#### [EXTRACTED DATA]
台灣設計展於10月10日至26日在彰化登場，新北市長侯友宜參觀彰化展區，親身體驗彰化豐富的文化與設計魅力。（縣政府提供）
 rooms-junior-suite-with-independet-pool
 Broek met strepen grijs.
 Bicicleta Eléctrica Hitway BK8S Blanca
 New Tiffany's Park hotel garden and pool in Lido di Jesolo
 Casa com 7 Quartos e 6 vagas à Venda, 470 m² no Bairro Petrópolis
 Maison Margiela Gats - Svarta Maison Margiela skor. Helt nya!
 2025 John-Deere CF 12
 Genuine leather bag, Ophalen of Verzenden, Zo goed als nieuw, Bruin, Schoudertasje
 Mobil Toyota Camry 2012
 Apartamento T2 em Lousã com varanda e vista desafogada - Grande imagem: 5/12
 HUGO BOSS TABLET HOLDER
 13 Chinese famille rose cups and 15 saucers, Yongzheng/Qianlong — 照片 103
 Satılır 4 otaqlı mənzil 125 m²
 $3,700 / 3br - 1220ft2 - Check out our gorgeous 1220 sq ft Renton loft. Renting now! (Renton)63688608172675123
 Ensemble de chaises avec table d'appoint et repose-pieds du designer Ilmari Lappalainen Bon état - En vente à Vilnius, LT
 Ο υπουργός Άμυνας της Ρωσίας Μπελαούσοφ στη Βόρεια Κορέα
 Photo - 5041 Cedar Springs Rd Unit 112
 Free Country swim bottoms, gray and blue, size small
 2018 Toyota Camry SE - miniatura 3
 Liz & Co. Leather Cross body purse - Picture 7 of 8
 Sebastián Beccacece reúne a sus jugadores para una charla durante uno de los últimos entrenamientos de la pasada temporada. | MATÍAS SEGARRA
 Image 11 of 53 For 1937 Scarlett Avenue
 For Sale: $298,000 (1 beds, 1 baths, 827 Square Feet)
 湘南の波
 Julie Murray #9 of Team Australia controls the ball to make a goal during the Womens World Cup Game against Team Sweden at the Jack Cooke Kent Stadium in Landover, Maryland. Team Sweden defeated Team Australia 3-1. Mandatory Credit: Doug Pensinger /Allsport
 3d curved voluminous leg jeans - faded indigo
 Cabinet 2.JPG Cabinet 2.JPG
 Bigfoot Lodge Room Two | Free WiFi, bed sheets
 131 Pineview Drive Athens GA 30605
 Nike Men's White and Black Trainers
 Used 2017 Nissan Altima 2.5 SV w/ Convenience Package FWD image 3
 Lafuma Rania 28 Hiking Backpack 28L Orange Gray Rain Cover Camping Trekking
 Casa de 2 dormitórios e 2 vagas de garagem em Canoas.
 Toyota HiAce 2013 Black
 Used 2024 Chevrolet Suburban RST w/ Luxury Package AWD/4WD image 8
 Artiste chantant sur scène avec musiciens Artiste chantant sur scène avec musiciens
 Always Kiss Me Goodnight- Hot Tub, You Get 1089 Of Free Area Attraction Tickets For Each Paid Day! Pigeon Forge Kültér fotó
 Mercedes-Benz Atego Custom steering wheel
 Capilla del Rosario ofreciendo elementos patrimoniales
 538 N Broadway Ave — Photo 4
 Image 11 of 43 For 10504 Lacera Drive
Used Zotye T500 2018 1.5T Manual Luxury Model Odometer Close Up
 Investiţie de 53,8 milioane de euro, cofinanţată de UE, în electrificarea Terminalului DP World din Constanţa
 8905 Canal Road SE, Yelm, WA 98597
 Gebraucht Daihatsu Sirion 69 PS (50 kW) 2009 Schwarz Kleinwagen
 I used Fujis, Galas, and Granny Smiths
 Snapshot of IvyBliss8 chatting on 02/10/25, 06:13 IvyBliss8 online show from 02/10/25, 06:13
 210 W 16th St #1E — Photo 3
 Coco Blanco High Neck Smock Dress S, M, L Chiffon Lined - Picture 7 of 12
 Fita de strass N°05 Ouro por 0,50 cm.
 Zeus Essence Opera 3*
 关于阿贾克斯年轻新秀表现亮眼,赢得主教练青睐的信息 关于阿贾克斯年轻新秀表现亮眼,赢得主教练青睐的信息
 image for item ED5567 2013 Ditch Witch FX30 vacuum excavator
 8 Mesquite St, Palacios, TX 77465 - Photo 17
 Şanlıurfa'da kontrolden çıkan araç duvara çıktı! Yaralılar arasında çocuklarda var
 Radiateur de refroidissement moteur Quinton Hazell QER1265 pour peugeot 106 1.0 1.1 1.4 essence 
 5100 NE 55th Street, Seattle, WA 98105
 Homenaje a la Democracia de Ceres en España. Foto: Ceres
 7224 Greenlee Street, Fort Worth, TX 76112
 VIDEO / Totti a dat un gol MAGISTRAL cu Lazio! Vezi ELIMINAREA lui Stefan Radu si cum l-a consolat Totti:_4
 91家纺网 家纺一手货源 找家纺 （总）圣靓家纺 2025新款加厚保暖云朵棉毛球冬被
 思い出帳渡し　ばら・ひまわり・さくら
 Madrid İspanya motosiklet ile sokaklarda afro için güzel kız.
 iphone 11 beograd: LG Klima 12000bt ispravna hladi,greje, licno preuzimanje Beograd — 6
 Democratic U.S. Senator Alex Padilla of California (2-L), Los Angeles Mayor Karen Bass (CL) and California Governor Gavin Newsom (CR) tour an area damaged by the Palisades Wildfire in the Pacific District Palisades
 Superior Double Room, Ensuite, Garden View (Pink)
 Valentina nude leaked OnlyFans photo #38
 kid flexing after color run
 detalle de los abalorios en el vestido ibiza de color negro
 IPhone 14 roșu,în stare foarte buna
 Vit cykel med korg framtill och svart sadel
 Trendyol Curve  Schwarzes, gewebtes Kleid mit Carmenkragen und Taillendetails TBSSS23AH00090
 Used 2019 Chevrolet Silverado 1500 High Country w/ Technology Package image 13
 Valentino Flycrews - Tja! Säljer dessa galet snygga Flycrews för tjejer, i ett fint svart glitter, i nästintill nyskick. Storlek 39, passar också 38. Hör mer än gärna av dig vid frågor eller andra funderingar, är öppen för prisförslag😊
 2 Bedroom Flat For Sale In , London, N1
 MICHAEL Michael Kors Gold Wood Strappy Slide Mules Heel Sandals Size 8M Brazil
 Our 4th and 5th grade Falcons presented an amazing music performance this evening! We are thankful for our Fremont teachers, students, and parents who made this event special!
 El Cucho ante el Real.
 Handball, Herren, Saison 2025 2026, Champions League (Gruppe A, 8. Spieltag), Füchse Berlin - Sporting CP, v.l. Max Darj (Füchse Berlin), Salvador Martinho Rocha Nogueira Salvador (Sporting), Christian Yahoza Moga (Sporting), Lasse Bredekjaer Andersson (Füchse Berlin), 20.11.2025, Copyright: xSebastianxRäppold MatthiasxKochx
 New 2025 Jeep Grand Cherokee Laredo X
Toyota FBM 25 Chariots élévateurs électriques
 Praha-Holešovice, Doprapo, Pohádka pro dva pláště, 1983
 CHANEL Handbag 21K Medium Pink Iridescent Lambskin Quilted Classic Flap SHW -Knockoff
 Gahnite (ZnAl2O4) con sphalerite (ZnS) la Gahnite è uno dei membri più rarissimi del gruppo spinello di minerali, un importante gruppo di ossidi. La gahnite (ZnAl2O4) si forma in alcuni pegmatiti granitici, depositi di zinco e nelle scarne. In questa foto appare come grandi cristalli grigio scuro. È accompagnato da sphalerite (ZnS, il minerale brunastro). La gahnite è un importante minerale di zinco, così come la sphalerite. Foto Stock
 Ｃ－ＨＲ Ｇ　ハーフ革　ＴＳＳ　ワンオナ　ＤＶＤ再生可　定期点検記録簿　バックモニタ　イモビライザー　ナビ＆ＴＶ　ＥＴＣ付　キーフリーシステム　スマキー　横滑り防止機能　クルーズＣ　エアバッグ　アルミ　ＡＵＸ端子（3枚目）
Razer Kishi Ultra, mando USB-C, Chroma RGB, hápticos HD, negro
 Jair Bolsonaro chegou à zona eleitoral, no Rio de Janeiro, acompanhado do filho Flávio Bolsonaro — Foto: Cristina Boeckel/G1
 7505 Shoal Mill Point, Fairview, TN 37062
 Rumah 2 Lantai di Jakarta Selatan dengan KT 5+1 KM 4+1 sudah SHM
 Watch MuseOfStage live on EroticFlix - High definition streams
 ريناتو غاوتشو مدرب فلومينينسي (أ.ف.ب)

#### [EXERCISE GOAL]
Restate the records above verbatim up to and including the line containing "2025 John-Deere CF 12".

#### [RESULT]
台灣設計展於10月10日至26日在彰化登場，新北市長侯友宜參觀彰化展區，親身體驗彰化豐富的文化與設計魅力。（縣政府提供）
 rooms-junior-suite-with-independet-pool
 Broek met strepen grijs.
 Bicicleta Eléctrica Hitway BK8S Blanca
 New Tiffany's Park hotel garden and pool in Lido di Jesolo
 Casa com 7 Quartos e 6 vagas à Venda, 470 m² no Bairro Petrópolis
 Maison Margiela Gats - Svarta Maison Margiela skor. Helt nya!
 2025 John-Deere CF 12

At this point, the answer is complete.